Please reproduce the entries exactly as they appear below, but not the pictures.

(Short web captions)
====================
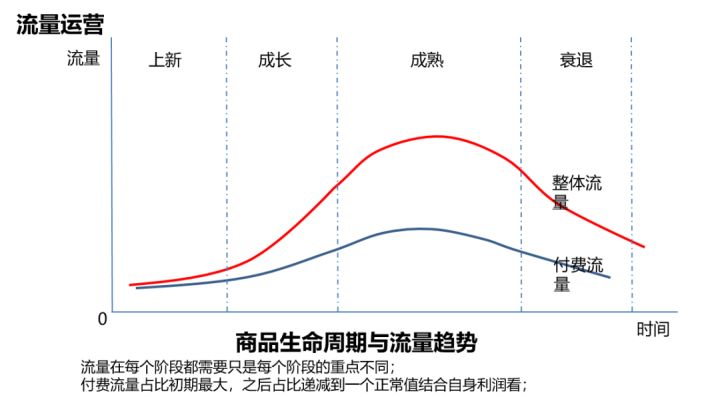 如何清晰定位1688产品市场，快速找到流量爆发点！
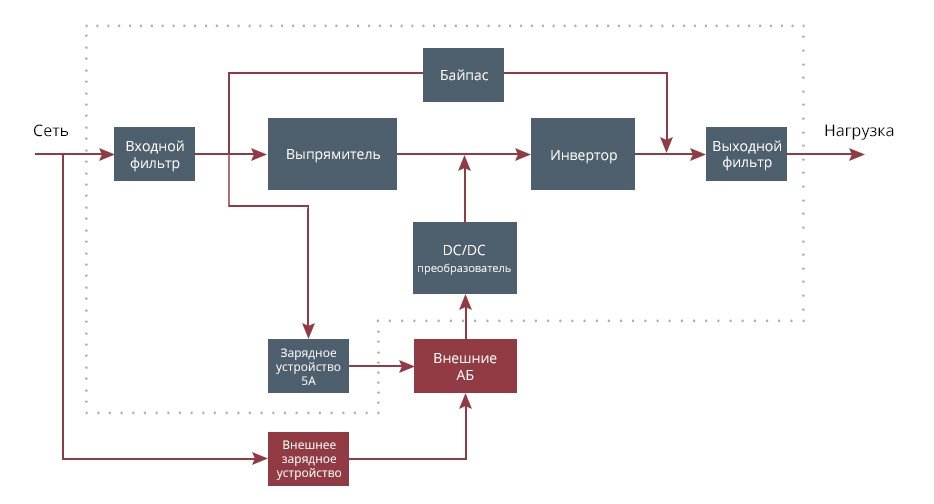 Схема источника бесперебойного питания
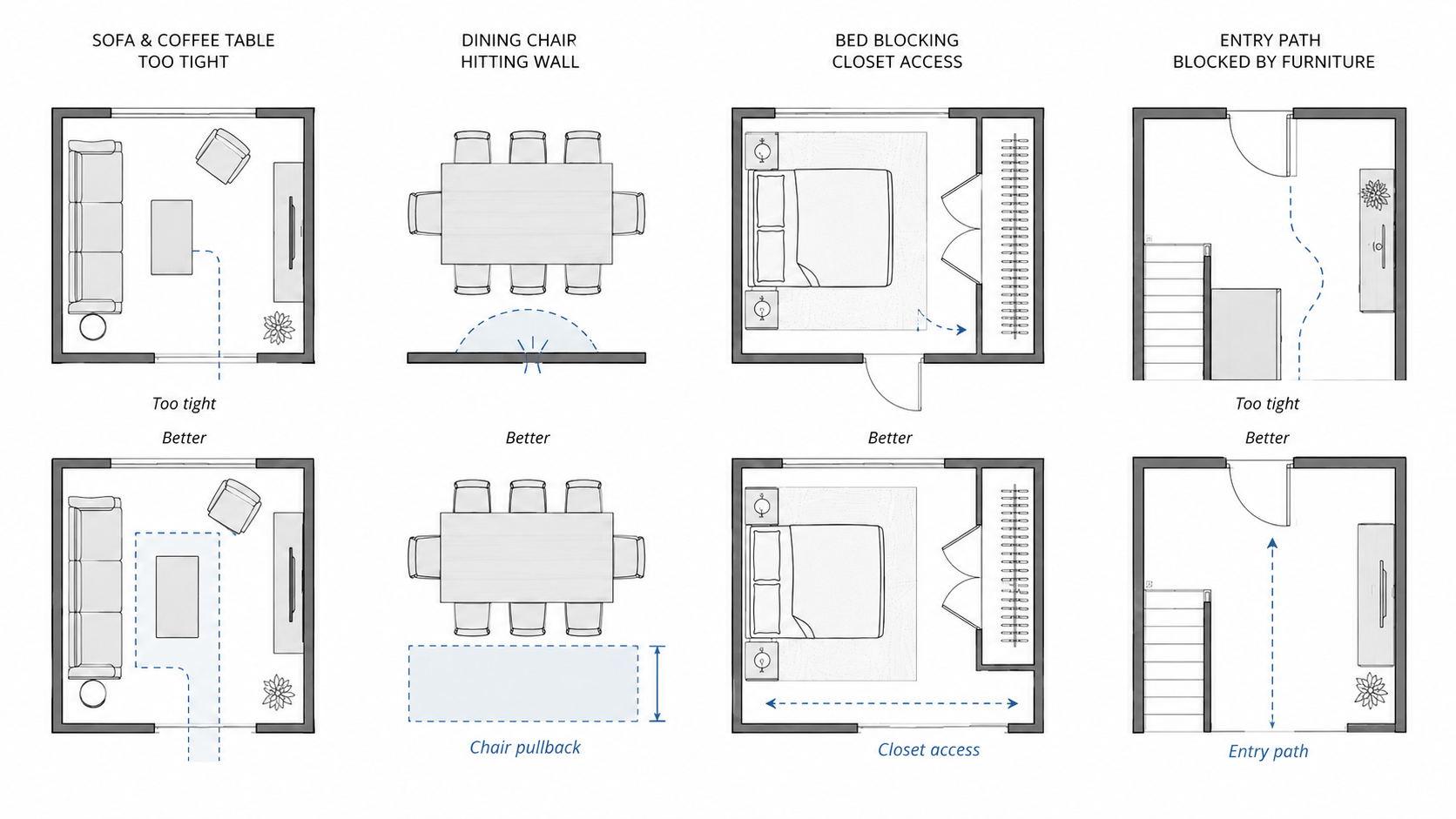 Interior plan diagram showing common layout mistakes and better furniture clearances for a sofa, dining table, bedroom closet, and entry path.
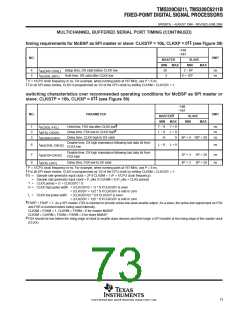 浏览型号TMS320C6211FZ120的Datasheet PDF文件第73页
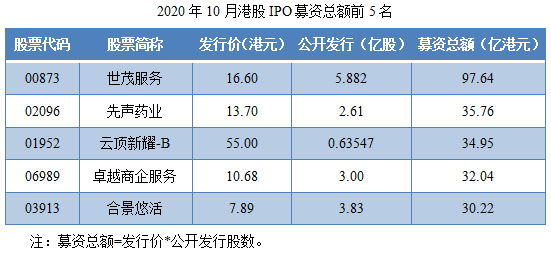 尊嘉港美股：2020年10月港股IPO行情总结-图片4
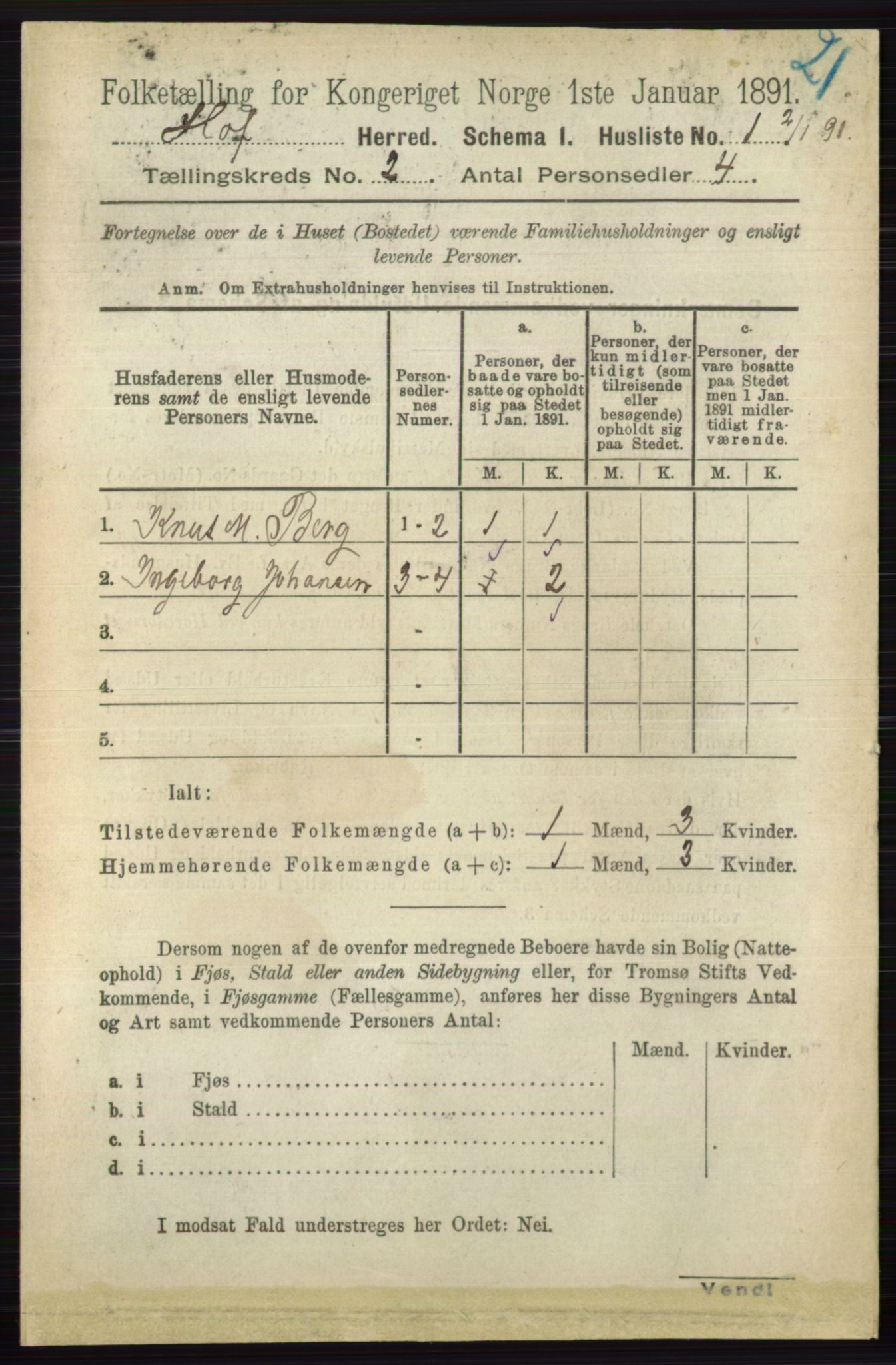 RA, 1891 census for 0714 Hof, 1891, p. 397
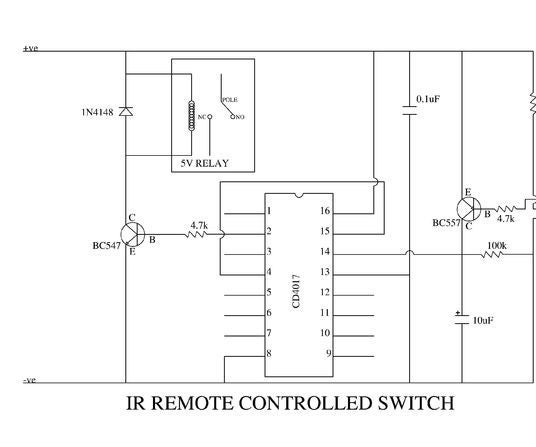 Ir Receiver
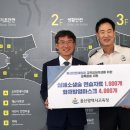 체험중심안전교육 이미지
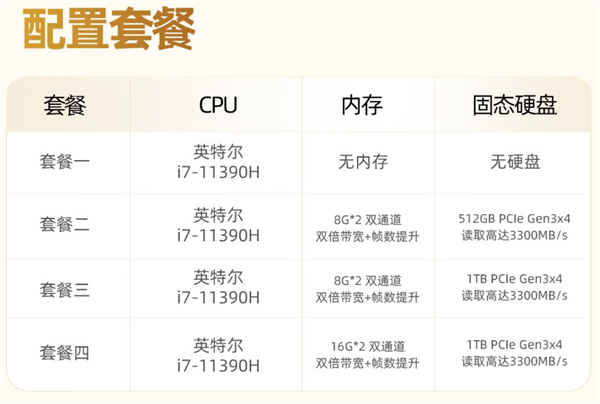 酷睿i7+32GB+1TB只要2099元！极摩客M2迷你主机上架
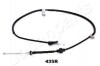Трос ручного гальма JAPANPARTS BC435R (фото 1)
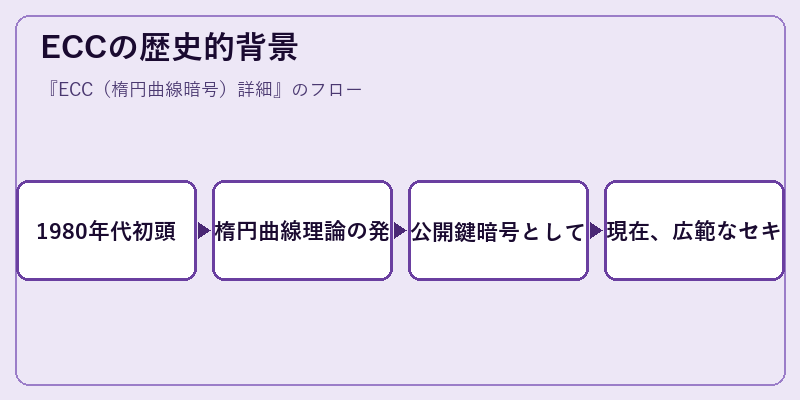 ECCの歴史的背景
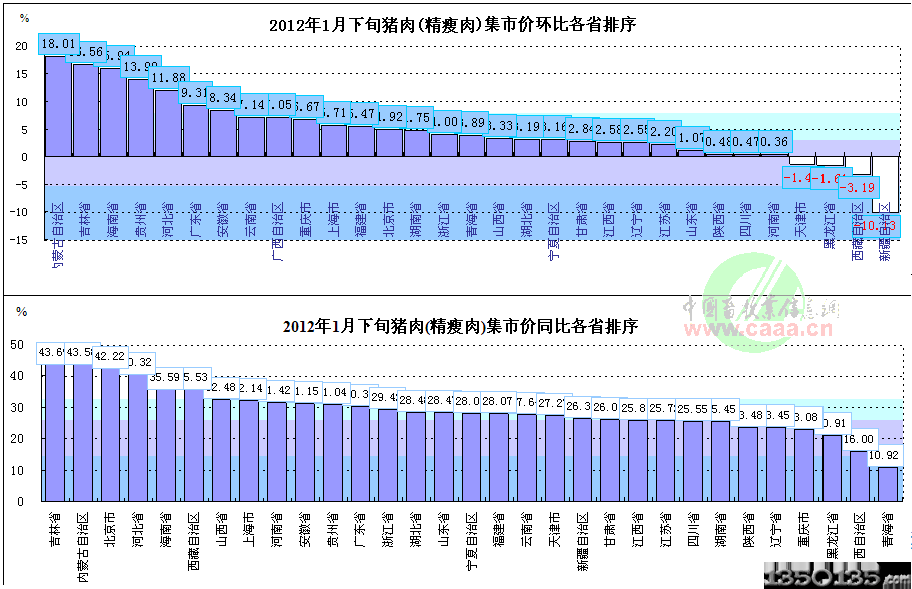 20121ѮirЃr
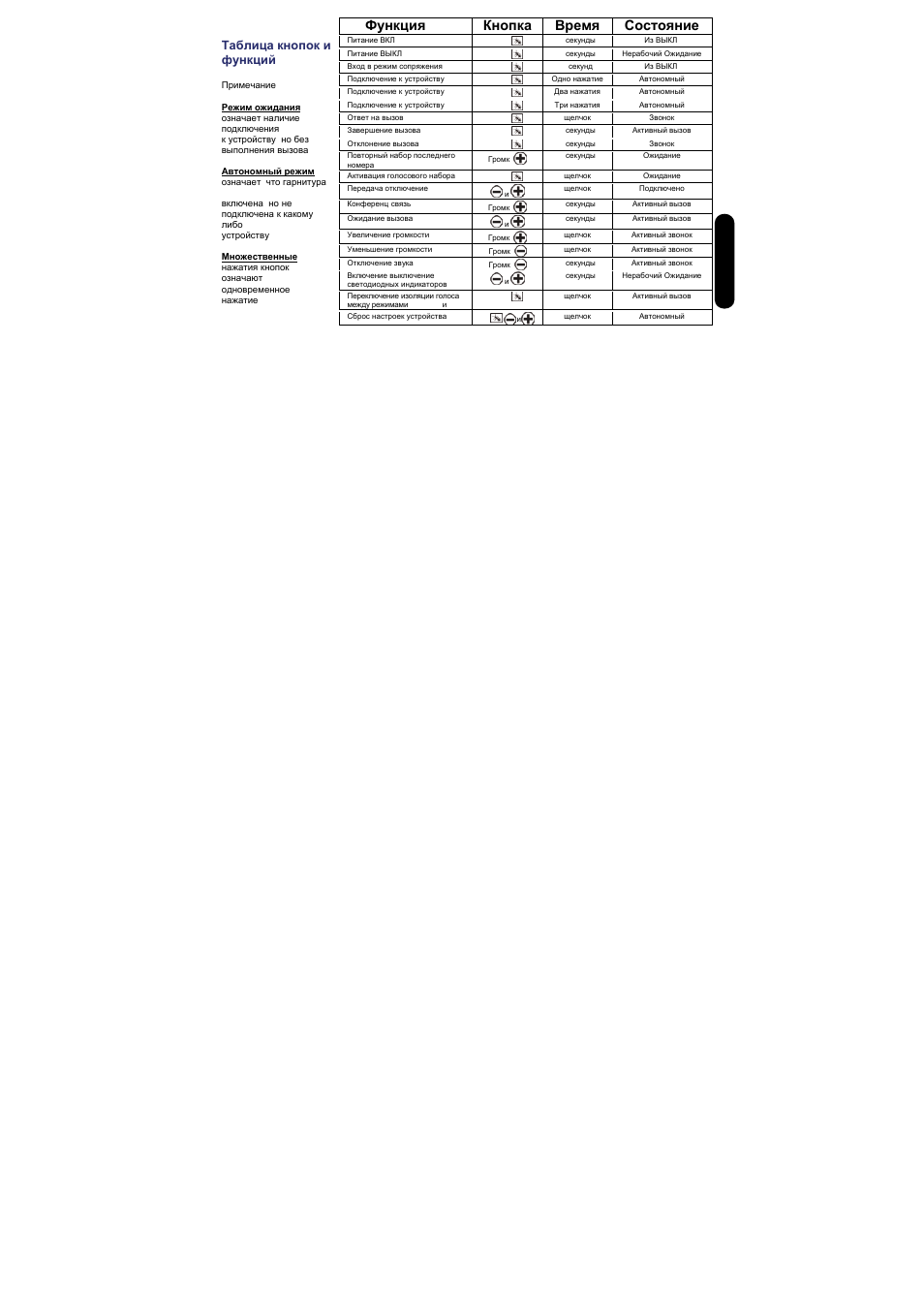 Russi an, Функция z9 кнопка время состояние | BlueAnt Z9 Bluetooth Headset User Manual | Page 129 / 137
====================
▸ **SOLUTION**:
 如何清晰定位1688产品市场，快速找到流量爆发点！
 Схема источника бесперебойного питания
 Interior plan diagram showing common layout mistakes and better furniture clearances for a sofa, dining table, bedroom closet, and entry path.
 浏览型号TMS320C6211FZ120的Datasheet PDF文件第73页
 尊嘉港美股：2020年10月港股IPO行情总结-图片4
 RA, 1891 census for 0714 Hof, 1891, p. 397
 Ir Receiver
 체험중심안전교육 이미지
 酷睿i7+32GB+1TB只要2099元！极摩客M2迷你主机上架
Трос ручного гальма JAPANPARTS BC435R (фото 1)
 ECCの歴史的背景
 20121ѮirЃr
 Russi an, Функция z9 кнопка время состояние | BlueAnt Z9 Bluetooth Headset User Manual | Page 129 / 137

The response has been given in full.